To better understand the complex relationship between humans and animals in urban environments, PAWS Web aims to take advantage of the unique on-field experimental opportunities presented by cities like Delhi. These rapidly developing urban areas offer a chance to disentangle the separate effects of infrastructure, anthropogenic resources, and human presence on animal behavior, which are often confounded as a single entity known as “anthropogenic impacts.” With their heterogeneous development and ongoing changes, cities in the Global South provide an ideal setting to observe animal ecology and behavior as they respond to rapid environmental changes, ultimately leading to a greater understanding of human-animal coexistence in urban environments.

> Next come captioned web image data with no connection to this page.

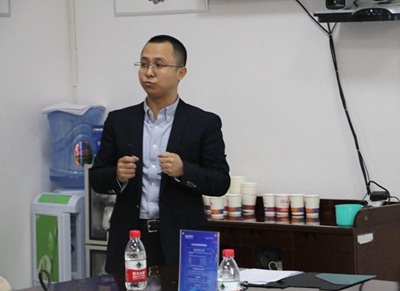 湖南省家具行業(yè)協(xié)會(huì),家具行業(yè)協(xié)會(huì),家具行業(yè)
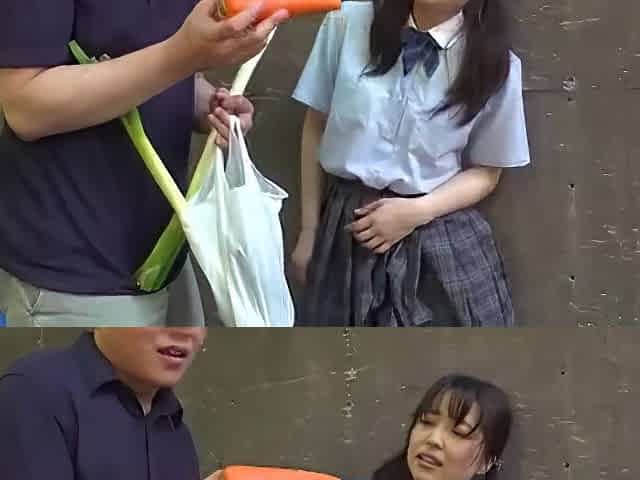 Japanese-sex-siko-946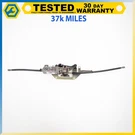 05-19 Aston Martin DB9 Granturismo Convertible Front Top Roof Lock Motor Oem. Fixed Price $790.79.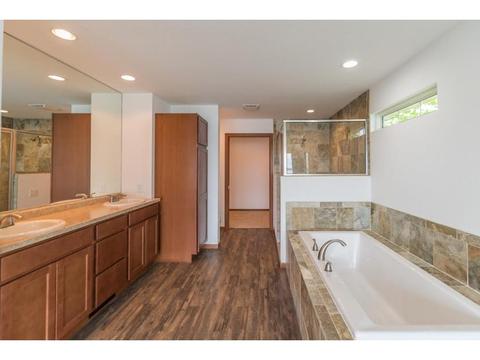 1414 14th Ave NE, Brainerd, MN 56401 photo 14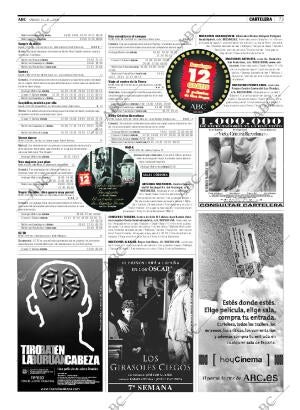 ABC CORDOBA 11-10-2008 página 73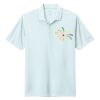 Dri FIT Micro Pique 2.0 Polo Thumbnail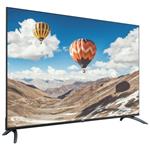 CHiQ U55QG7L, 55"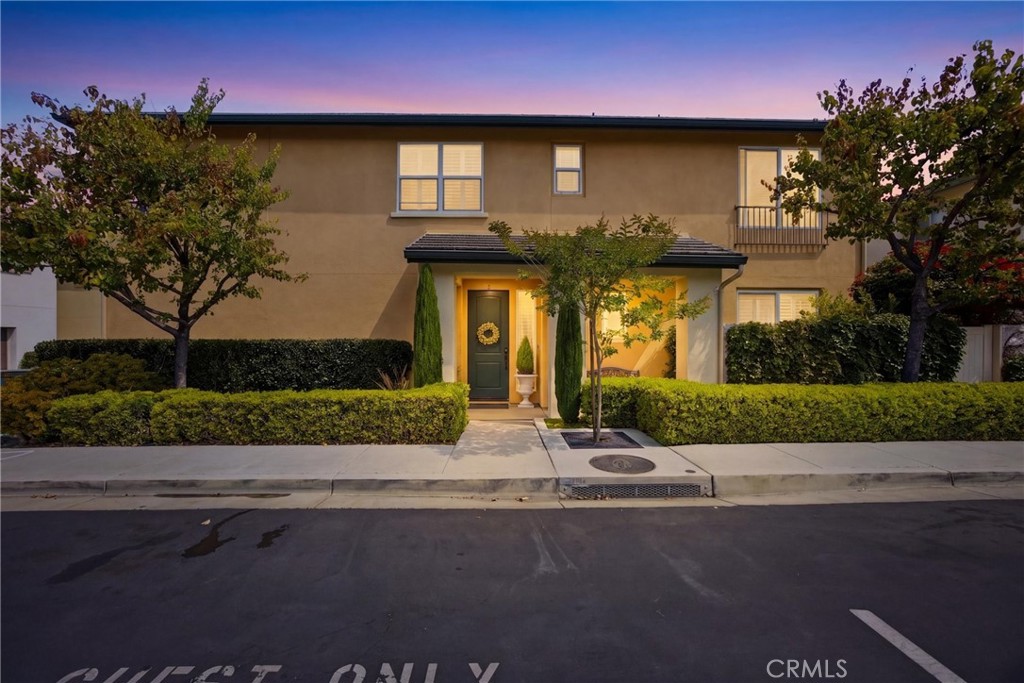 Property photo 41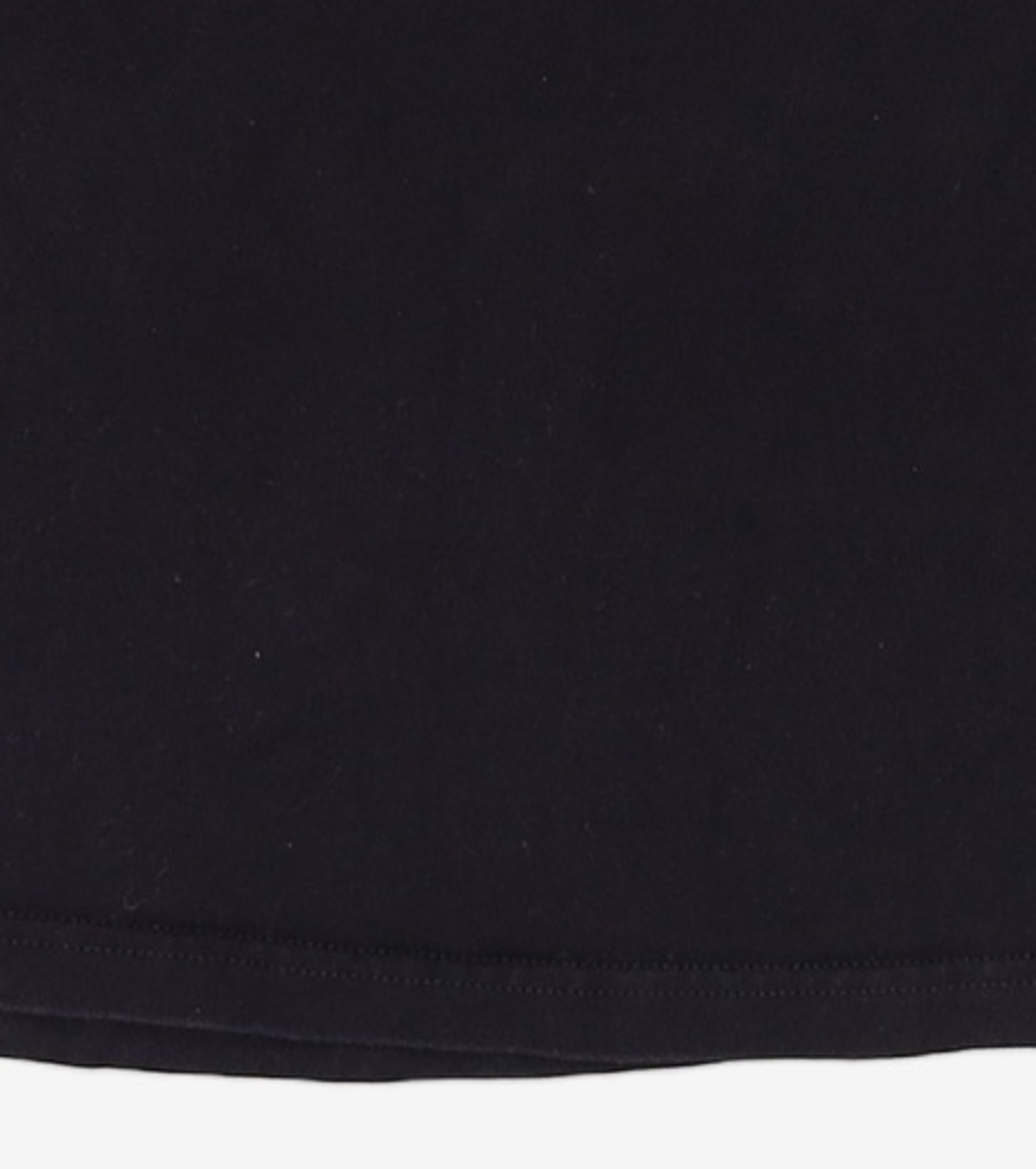 스투시(STUSSY) 반소매 티셔츠 S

Our work on “Urban Natures” in India aims to bring together the diverse perspectives on nature, from traditional cultural and religious beliefs to modern scientific approaches. While these perspectives can sometimes diverge, they can also complement each other to create a more holistic understanding of the complex relationship between humans and animals in rapidly urbanizing ecosystems. By promoting collaboration and communication between the fields of basic and applied sciences and engaging with a wide range of stakeholders, we hope to bridge the gap between folk biology and modern scientific perspectives and promote sustainable and responsible management of the shared environments in tropical regions. Our goal is to recognize and respect the diversity of perspectives on “urbanizing natures” and find ways to integrate them in a way that benefits both humans and animals.